I came downstairs at about six thirty, opened the living room door and saw the light from the open fridge in the kitchen, also a blast of fresh air. I turned on the light in the living room and looked at my laptop, or rather where it should have been. Now there was a carving knife lying on the table where the computer should have been. And that was it, my black handled carving knife in solitary splendour. I did that thing where I made a search for the computer, cleared the table of papers in one sweep of my hand, tried to remember if I had left it in the car the night before, but I knew I hadn’t. I heard myself weeping, cursing, chuntering dreadful sounds of grief and despair. The bag I carry it in was gone too and all the wires and plugs to the internet. The dog came down from my bed and gave the room the onceover, made a growl or two and retired to the front room sofa, she is not an early morning creature, not a guard dog either apparently. I think I was banging my head on the furniture by then and no dog likes to see her owner making an idiot of herself so I didn’t blame her.
The kitchen windows were both open so that’s the way he got in and as the overhead light doesn’t work he must have used the fridge for light. He had also left a milk container on the side. Empty. The drawers, with my passport, some money and other valuable documents were untouched.
I telephoned the police, they said they would come within an hour and I grieved over my folly - I had ten years work on that lap top. An entire novel, reams of poems, two or three plays and a collection of short stories plus my journal, very little of it backed up. Besides which my memory stick is in the carrying bag. Clever eh? I spend a few moments telling myself what an idiot I am and by now it is light and I phone a mate to print me some posters to put out locally. He promises to bring them on his way to work.
The police arrive and they agree that I am an idiot and also with my own assumption that the thief is a crack addict who will flog my laptop for twenty quid as soon as possible. The empty milk bottle is a dead giveaway, crack addicts are compulsive milk drinkers apparently, you learn something every day don’t you?
My friend brings the posters and I leave the police to it and I hit the street with my dog. It is nearly eight by now and a guy I kind of know is making his way to the offy and I mention my laptop and he assures me he can get me one in a day. It takes me a while to convince him that I want my own one back and I hear that a guy was round at their house at four am. Offering one cheap. Great. I know that if it leaves the area I will definitely never see it again. I am looking for sites for my posters when I think of going to see a guy who runs a kind of open house. I knock on the door and am telling him my tale of woe when a woman I know from my voluntary work with working women giving out condoms greets me ‘Hello darling you’re up early!’ I tell her my problem and she says she was also offered my laptop and will chase the guy up. ‘I’ll get it back for you darling!’ she says, for a price. I go back to the house. To wait.
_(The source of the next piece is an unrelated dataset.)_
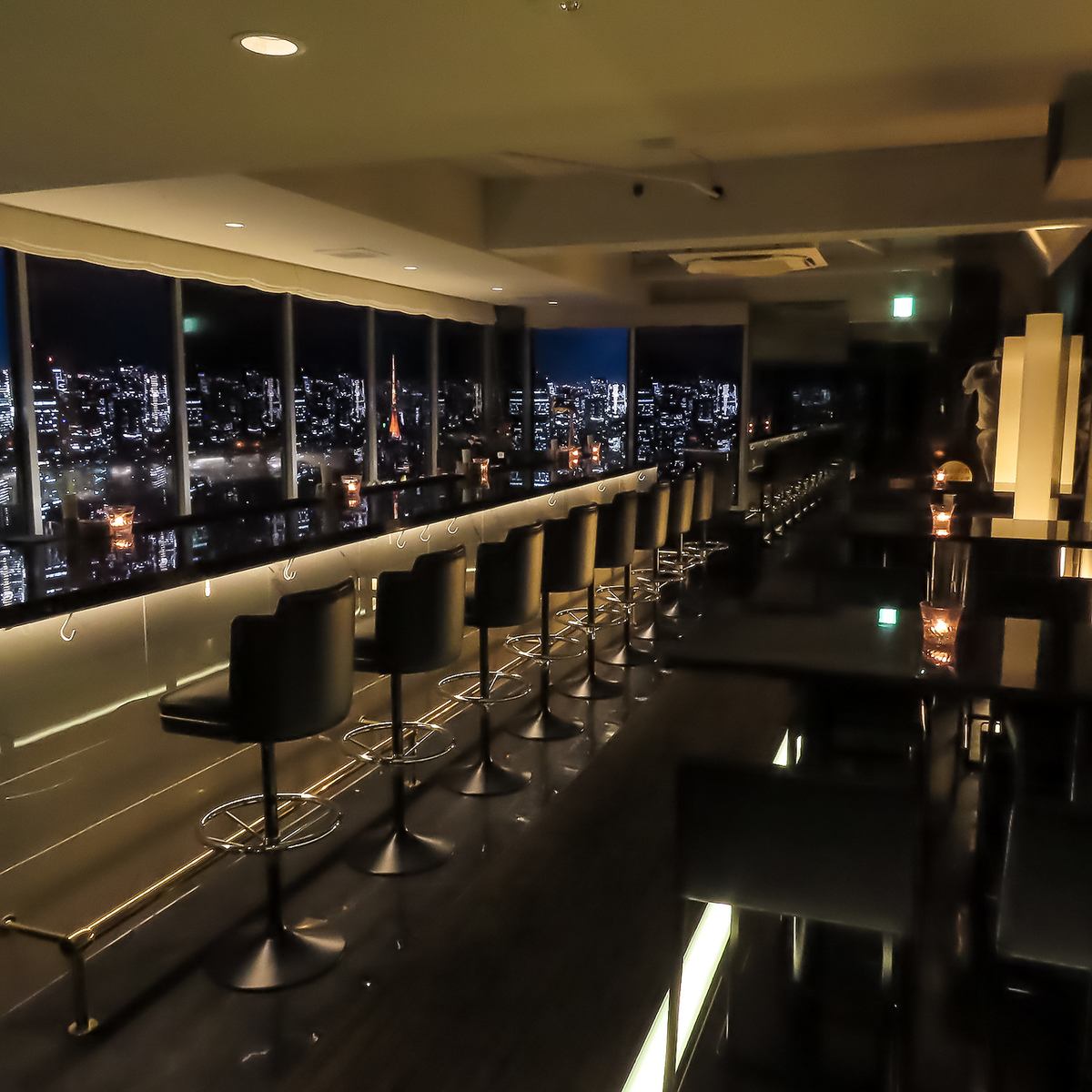 An authentic bar where you can spend time in a space inspired by the night view has appeared in Kinshicho!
The police are jolly and friendly; they are led by a dynamic young woman who appears to have total control over the team. They tell me that the chances of getting my property back are a million to one, as are the chances of catching the thief. They shake their heads at my folly in not having locks on my windows and seem like nice men, though they are scornful of my poster idea. The lady cop is far more sympathetic to my loss of material but also holds out no hope of catching the thief and even less of getting my property back. I don’t mention the deal with the girl.
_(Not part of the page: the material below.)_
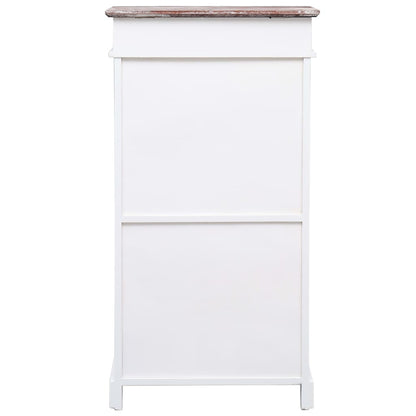 Schoenenkast 50x28x98 cm paulowniahout bruin Bruin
The next few hours are a torment, I finish up at the front window twitching the curtain and myself. Finally the girl comes back and takes me to the crack house that I have walked by every day with no idea of its purpose. I see my computer in its bag and can’t contain my joy! I kiss the man who runs the joint, he looks amazed and appalled, I kiss the girl who kisses me back, I give her the price we had agreed on and I scuttle home a delighted woman.
I telephone the police and tell them my computer has come back via a man I didn’t know and they come round to take it away for fingerprinting but the wonderful young policewoman says they can’t possibly take it away from me again so they come and dust it in my house, they bust the modem but who cares!
I got free locks on all my downstairs windows and a chain for my front door through an excellent scheme that offers this service to any victims of thievery, after the event of course! Some local young guys offered to kneecap the thief for me, I declined and I didn’t want to know who he was either, I probably know his mum and would just feel betrayed and feel I had to tell the police. So there are benefits to living in the same area for thirty years . I always suspected that it’s not what you know but who you know and this tends to prove me right, it is also a vindication of voluntary work.
I was nervous for a few days and cleaved unto the dog, poor creature, I worried unduly but I was soon back to my usual careless ways. I do back up my work now, mostly. This, I feel, was a lesson in back up discipline. Now where IS that memory stick??